What is needed: Copy the records. Keep every line exactly as it is.
Dataset excerpts below:
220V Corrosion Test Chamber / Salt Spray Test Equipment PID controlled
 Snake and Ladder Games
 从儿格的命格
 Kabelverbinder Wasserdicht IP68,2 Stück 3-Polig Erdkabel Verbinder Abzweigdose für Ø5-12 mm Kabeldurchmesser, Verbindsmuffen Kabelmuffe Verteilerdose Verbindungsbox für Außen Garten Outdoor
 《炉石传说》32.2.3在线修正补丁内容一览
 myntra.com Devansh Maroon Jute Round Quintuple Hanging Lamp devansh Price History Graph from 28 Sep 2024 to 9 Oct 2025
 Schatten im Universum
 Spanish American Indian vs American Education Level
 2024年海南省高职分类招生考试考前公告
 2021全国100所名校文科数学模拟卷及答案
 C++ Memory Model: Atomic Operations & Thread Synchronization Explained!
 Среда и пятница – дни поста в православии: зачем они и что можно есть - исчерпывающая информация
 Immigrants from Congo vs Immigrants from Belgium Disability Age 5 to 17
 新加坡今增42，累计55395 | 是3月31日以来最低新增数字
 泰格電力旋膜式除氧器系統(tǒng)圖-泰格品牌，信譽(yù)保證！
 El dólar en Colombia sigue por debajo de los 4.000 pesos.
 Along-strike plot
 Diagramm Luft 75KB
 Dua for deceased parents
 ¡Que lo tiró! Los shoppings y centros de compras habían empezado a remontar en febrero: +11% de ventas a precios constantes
End of Dataset excerpts.
Written response:
220V Corrosion Test Chamber / Salt Spray Test Equipment PID controlled
 Snake and Ladder Games
 从儿格的命格
 Kabelverbinder Wasserdicht IP68,2 Stück 3-Polig Erdkabel Verbinder Abzweigdose für Ø5-12 mm Kabeldurchmesser, Verbindsmuffen Kabelmuffe Verteilerdose Verbindungsbox für Außen Garten Outdoor
 《炉石传说》32.2.3在线修正补丁内容一览
 myntra.com Devansh Maroon Jute Round Quintuple Hanging Lamp devansh Price History Graph from 28 Sep 2024 to 9 Oct 2025
 Schatten im Universum
 Spanish American Indian vs American Education Level
 2024年海南省高职分类招生考试考前公告
 2021全国100所名校文科数学模拟卷及答案
 C++ Memory Model: Atomic Operations & Thread Synchronization Explained!
 Среда и пятница – дни поста в православии: зачем они и что можно есть - исчерпывающая информация
 Immigrants from Congo vs Immigrants from Belgium Disability Age 5 to 17
 新加坡今增42，累计55395 | 是3月31日以来最低新增数字
 泰格電力旋膜式除氧器系統(tǒng)圖-泰格品牌，信譽(yù)保證！
 El dólar en Colombia sigue por debajo de los 4.000 pesos.
 Along-strike plot
 Diagramm Luft 75KB
 Dua for deceased parents
 ¡Que lo tiró! Los shoppings y centros de compras habían empezado a remontar en febrero: +11% de ventas a precios constantes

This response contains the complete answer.